Jean-Christophe Debar, directeur de FARM



Inde, Afrique : pour qui s’intéresse à l’agriculture, que justifie un tel rapprochement ? D’abord la taille des populations, quasiment identiques (1,3 milliard d’habitants en 2017). Ensuite, des fondamentaux agricoles du même ordre de grandeur, avec un niveau similaire – et très faible - de productivité du travail, mesurée par la valeur de la production par actif (tableau). Résultat, pour partie, de la prédominance des petites exploitations : sur le sous-continent indien, comme sur le continent africain, environ 80 % des fermes ont moins de 2 hectares.


 

Autre similitude : en Inde et en Afrique, la part de la population active travaillant dans l’agriculture est nettement supérieure à celle des autres régions, ce qui témoigne de la lenteur de la transformation de ces économies. Avec une conséquence importante, le risque d’un creusement de l’écart de revenu entre villes et campagnes, si les trajectoires de développement actuelles se poursuivent. L’Inde est concernée, autant que l’Afrique[1]. Pourtant les dépenses publiques de soutien à l’agriculture et l’alimentation sont près de quatre fois plus élevées en Inde, en pourcentage de la valeur de la production agricole, que dans la douzaine de pays d’Afrique subsaharienne pour lesquels on dispose de données comparables. Dans les deux cas se pose clairement un problème d’efficacité des politiques agricoles, comme le soulignent l’OCDE[2] et la FAO[3].  

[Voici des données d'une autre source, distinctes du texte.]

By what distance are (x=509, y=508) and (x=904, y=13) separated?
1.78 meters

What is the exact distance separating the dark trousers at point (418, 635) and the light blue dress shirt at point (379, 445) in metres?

Ce problème, la question des subventions aux intrants l’illustre parfaitement.

De quoi s’agit-il ? Dans beaucoup de pays africains, les agriculteurs paient les engrais, mais aussi parfois les semences et les achats de matériel agricole, à des prix inférieurs aux prix de marché, grâce à des subventions octroyées par l’Etat. Les aides aux intrants sont encore plus développées en Inde, où elles couvrent également l’eau d’irrigation, l’électricité, le crédit, l’assurance, etc. Elles représentent quelque 6-8 % de la valeur de la production agricole, contre 1 à 2 % en Afrique subsaharienne.

Les subventions aux intrants font l’objet de nombreuses critiques[4]. On leur reproche leur coût budgétaire élevé, leur relative inefficacité en termes d’accroissement de la production agricole ou de réduction de la pauvreté, leur détournement pour cause de fraude ou de corruption, leur ciblage défectueux qui laisse de côté beaucoup de petits producteurs, ou encore leur impact négatif sur l’environnement dû par exemple à la surconsommation d’engrais et d’eau d’irrigation.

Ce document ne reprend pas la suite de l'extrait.